As political journalists search for any Republican to feature, Allsop argued that the media is downplaying the damage to democratic norms that was done by Republicans, like Sen. Roy Blunt of Missouri, who didn’t actively encourage Trump’s efforts to overturn the election but also waited many weeks after the election results were clear to acknowledge Biden’s victory.
“There has been a rush to cling to them as avatars of traditional Republicanism,” he said.
How much does the political media need to turn away from sports-like coverage?
When Biden held a news conference last month and the White House press corps asked four questions about the 2024 presidential campaign but none about COVID-19, something fairly unusual happened: Other journalists openly criticized their colleagues.
“First Biden news conference: Not a single question about the pandemic,” Washington Post health care reporter Lena Sun wrote in a Twitter message. The New Yorker’s Susan B. Glasser called the lack of questions on the pandemic “an epic and utterly avoidable press fail.”
It’s not unprecedented for journalists to criticize other journalists. There has always been some wariness in the rest of the media about the reporters who cover the White House, who often face criticism they are too cozy with those in power. (I reached out to Associated Press reporter Zeke Miller, president of the White House Correspondents Association. He declined to comment.) And there has long been a criticism that journalists are too focused on elections instead of policy and governance.
But this debate over the focus of political reporters, like these other questions, is more intense because of the stakes right now. It’s not as if the political media can or should stop caring about topics that were raised at the news conference. Whether Biden is running for reelection (he said that he does plan to run for a second term) is a relevant question. But the broader debate is about whether too much political coverage is largely scorekeeping, akin to sports coverage. (How many votes does this bill have? Is this bill gaining support or losing support?) And is too little coverage about deeper issues that are at play right now? (Is America’s democracy in decline? Was America ever a true democracy in the first place?)
I am a member of the political media, of course, and grappling with many of these questions myself. I have some general inclinations: Anyone (including Republicans) should be covered negatively if they act in racist and/or anti-democratic ways; Biden should get critical coverage for his mistakes but not simply to show balance; political journalists should be openly pro- democracy and against racism; the media should not shade the truth to appeal to Republican consumers or officials, and the media should not cover politics like sports.

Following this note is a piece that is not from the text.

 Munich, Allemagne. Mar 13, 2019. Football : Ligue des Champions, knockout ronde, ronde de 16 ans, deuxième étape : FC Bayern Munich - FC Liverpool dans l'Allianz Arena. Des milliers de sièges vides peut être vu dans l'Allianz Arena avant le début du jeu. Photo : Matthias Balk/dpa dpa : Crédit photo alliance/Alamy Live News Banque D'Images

But I doubt there’s really that much disagreement in the political media with those general sentiments. The real questions are in applying those sentiments to day-to-day coverage. I have described the Georgia law as intended to make it harder for Democratic-leaning voters to cast ballots and harder for Democratic candidates to win, which I think is accurate. I have not used the term “voter suppression” in describing the law, in part because I think the phrasing I used in the last sentence is more precise and descriptive. But being honest and candid, voter suppression is a term like racist — it is so explosive that I am a bit hesitant to use it no matter the circumstances.
I did not expect, more than 12 years after I attended the inauguration of a Black U.S. president, that it would be clear that some Republicans wanted to make it harder for Black Americans like myself to vote and I therefore would be debating whether to use the term voter suppression in my articles. But this is the new reality for me and other political journalists.